What the task requires: Find "150 N Squires" and "Baieri naiste kaelaehe" in the records below. Copy the lines holding them and every line between, exactly, and no others.

Data shown:
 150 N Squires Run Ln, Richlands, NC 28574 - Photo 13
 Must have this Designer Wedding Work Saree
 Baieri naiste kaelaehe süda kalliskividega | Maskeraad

==

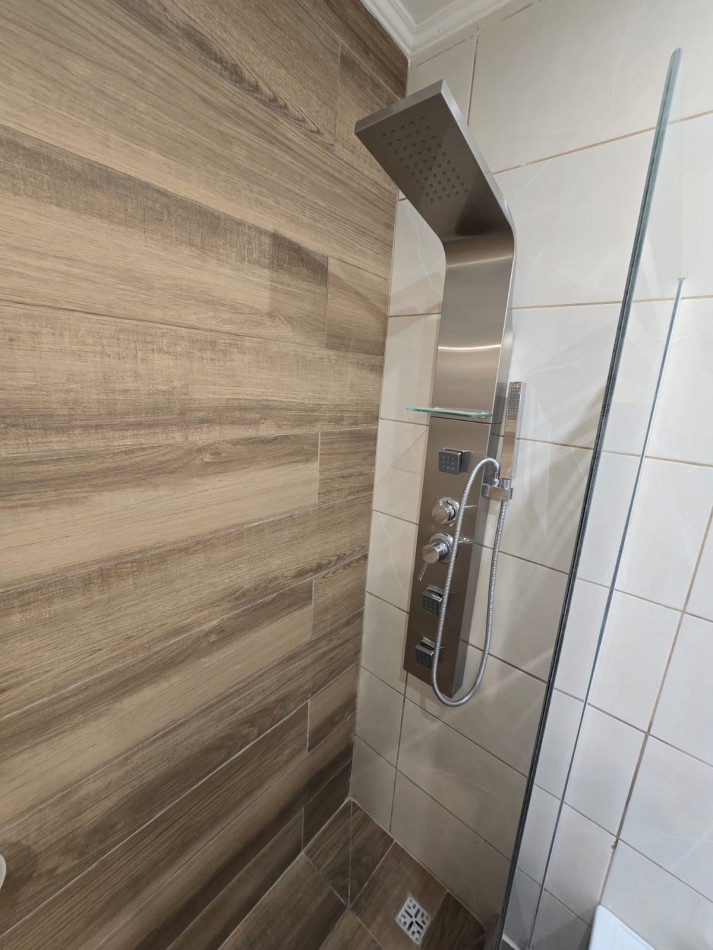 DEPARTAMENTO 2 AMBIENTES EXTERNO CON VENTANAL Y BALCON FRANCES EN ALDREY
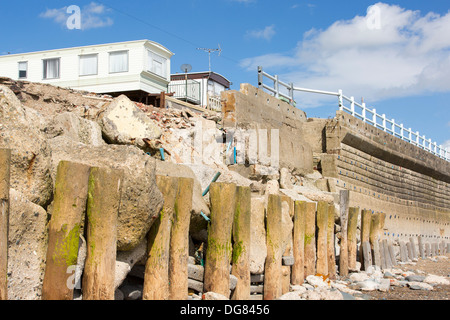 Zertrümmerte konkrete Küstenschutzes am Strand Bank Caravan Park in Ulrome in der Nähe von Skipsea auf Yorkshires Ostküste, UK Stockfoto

The answer:
 150 N Squires Run Ln, Richlands, NC 28574 - Photo 13
 Must have this Designer Wedding Work Saree
 Baieri naiste kaelaehe süda kalliskividega | Maskeraad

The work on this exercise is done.